OPTIONS

Troubleshoot Replica Sets

This section describes common strategies for troubleshooting replica set deployments.

Check Replica Set Status

To display the current state of the replica set and current state of each member, run the rs.status() method in a mongo shell connected to the replica set’s primary. For descriptions of the information displayed by rs.status(), see replSetGetStatus.

Note

The rs.status() method is a wrapper that runs the replSetGetStatus database command.

Check the Replication Lag

Replication lag is a delay between an operation on the primary and the application of that operation from the oplog to the secondary.

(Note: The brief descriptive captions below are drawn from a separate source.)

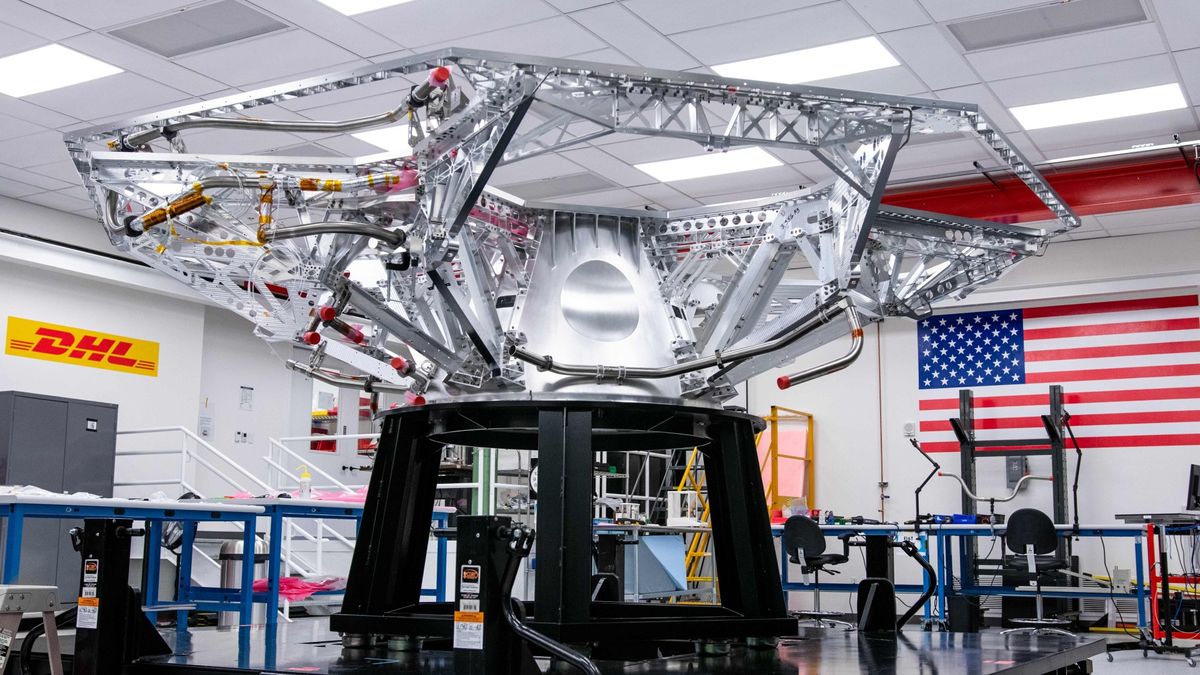 a metal skeleton of a cube-shaped spacecraft inside a laboratory cleanroom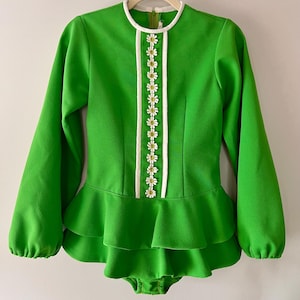 May include: A vibrant green vintage jumpsuit with long sleeves and a ruffled peplum. The neckline and centre front are trimmed with white fabric and daisy-like floral embellishments. The jumpsuit is hanging on a wooden hanger.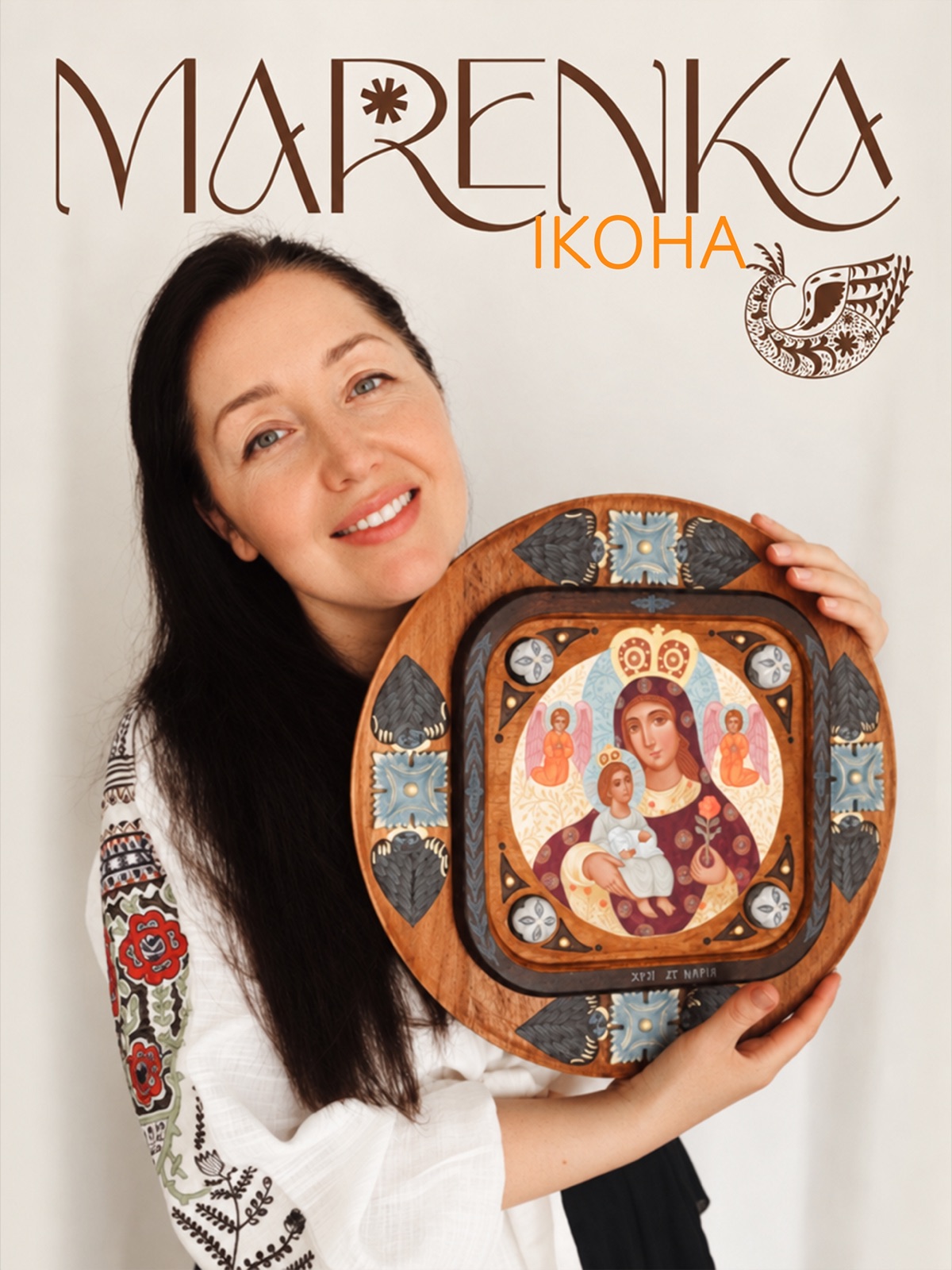 Мар’яна Фляк тримає ікону Богородиці в дерев’яній рельєфній рамі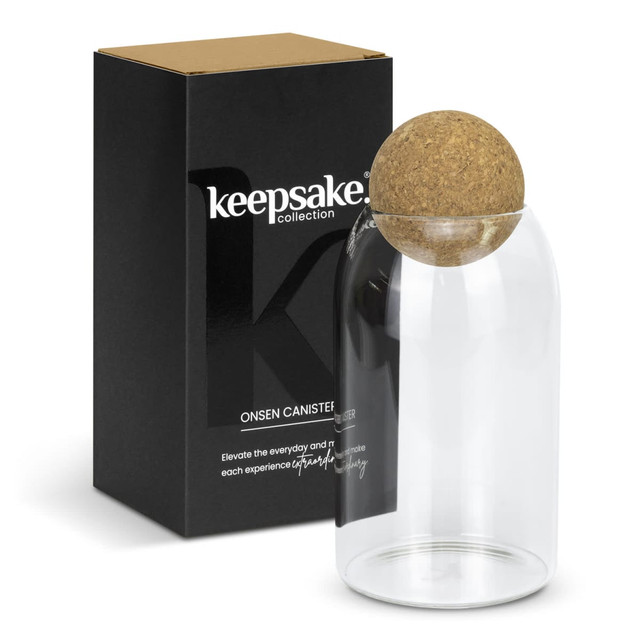 A glass canister with a cork lid, presented with a black box featuring a logo.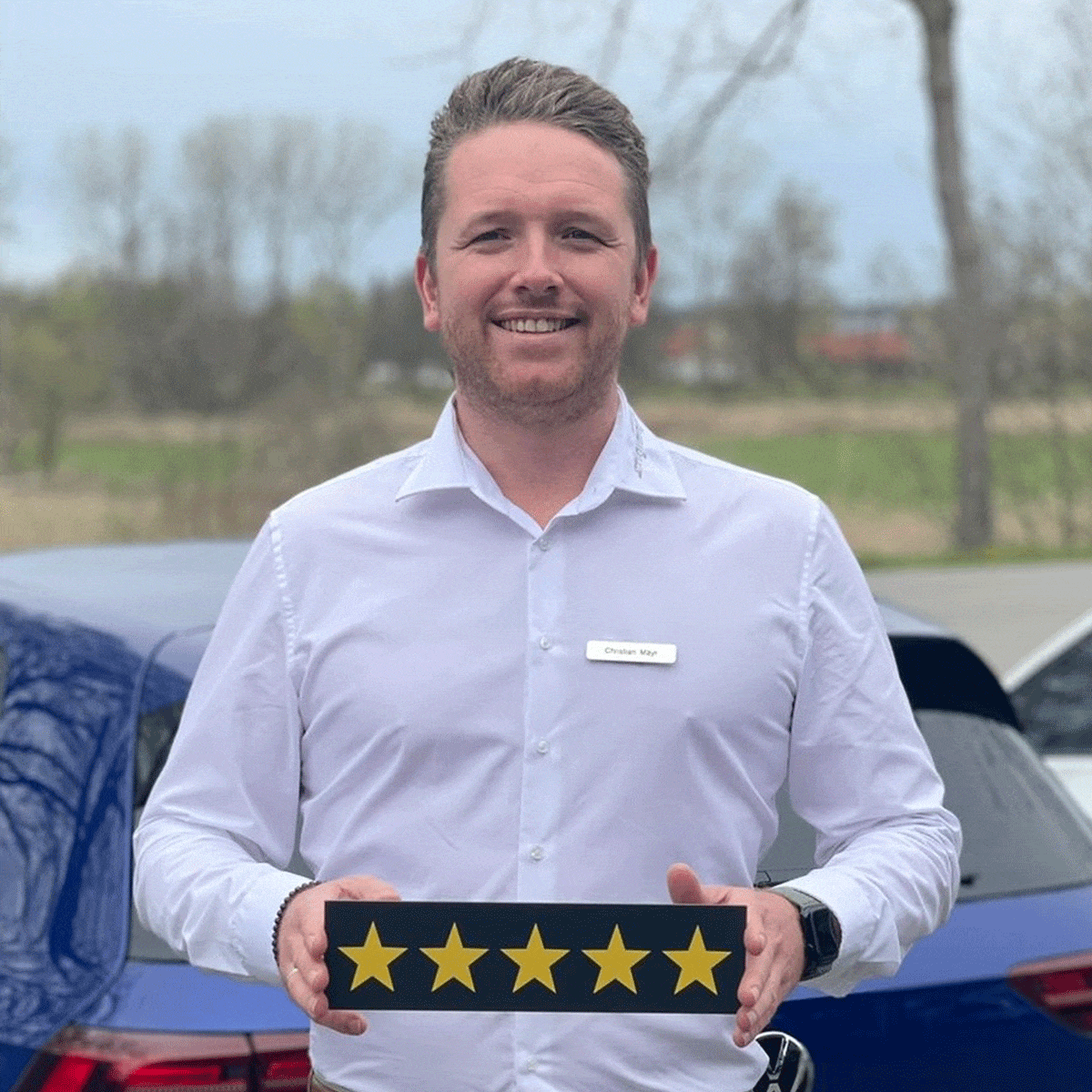 Verkäufer Christian Mayr lächelt in die Kamera und hält ein Schild mit fünf Sternen in der Hand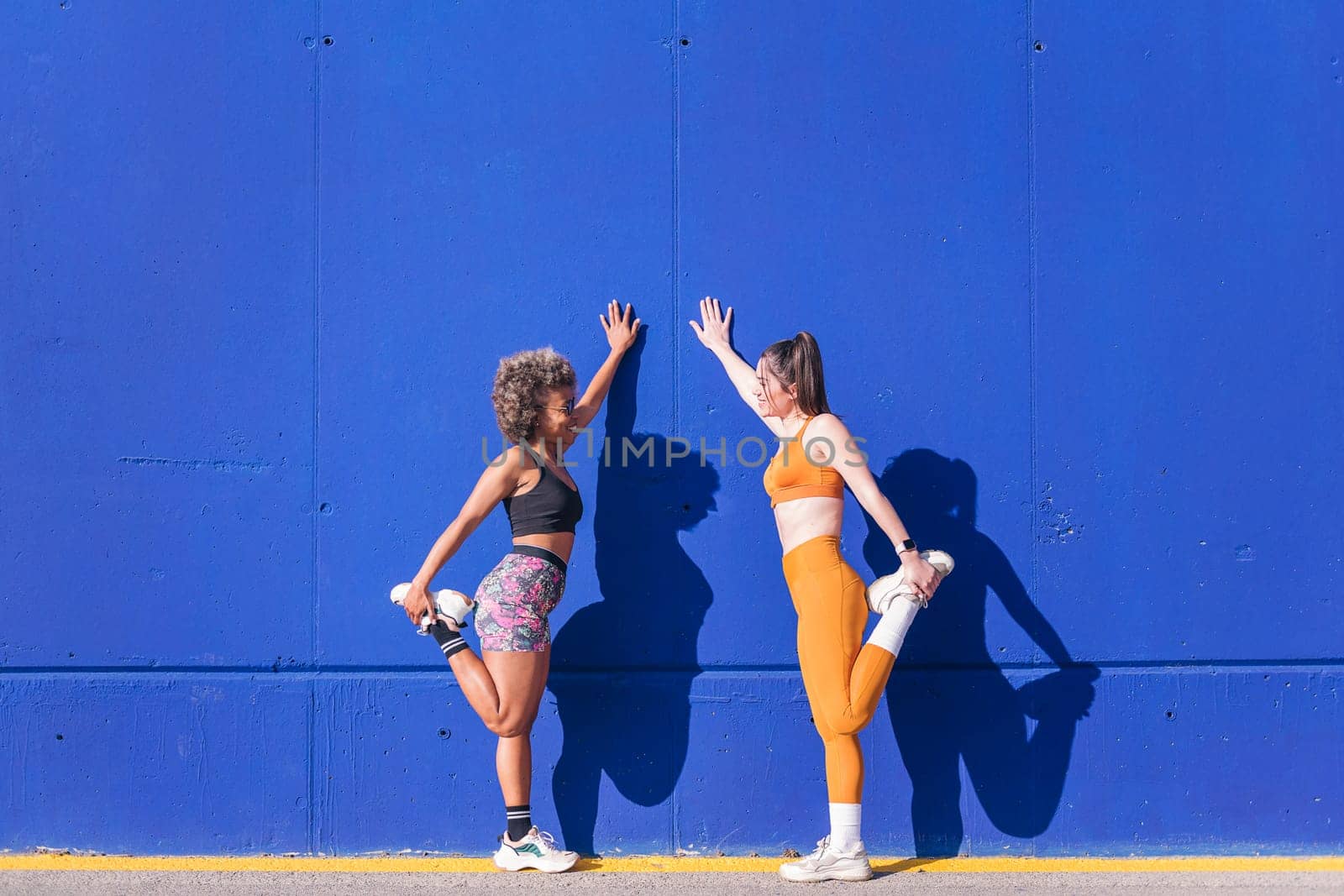 two sportswomen stretching together outdoors in a sunny day, concept of friendship in sport and active lifestyle, copy space for text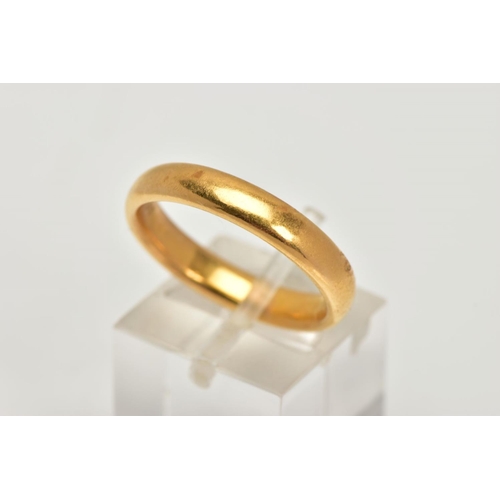 45 - A 22CT GOLD BAND RING, a plain polished courted band ring, approximate width 4mm, hallmarked 22ct Bi...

Replication lag can be a significant issue and can seriously affect MongoDB replica set deployments. Excessive replication lag makes “lagged” members ineligible to quickly become primary and increases the possibility that distributed read operations will be inconsistent.

To check the current length of replication lag:

  • In a mongo shell connected to the primary, call the rs.printSlaveReplicationInfo() method.

    Returns the syncedTo value for each member, which shows the time when the last oplog entry was written to the secondary, as shown in the following example:

    source: m1.example.net:27017
        syncedTo: Thu Apr 10 2014 10:27:47 GMT-0400 (EDT)
        0 secs (0 hrs) behind the primary
    source: m2.example.net:27017
        syncedTo: Thu Apr 10 2014 10:27:47 GMT-0400 (EDT)
        0 secs (0 hrs) behind the primary
    

    A delayed member may show as 0 seconds behind the primary when the inactivity period on the primary is greater than the slaveDelay value.

    Note

    The rs.status() method is a wrapper around the replSetGetStatus database command.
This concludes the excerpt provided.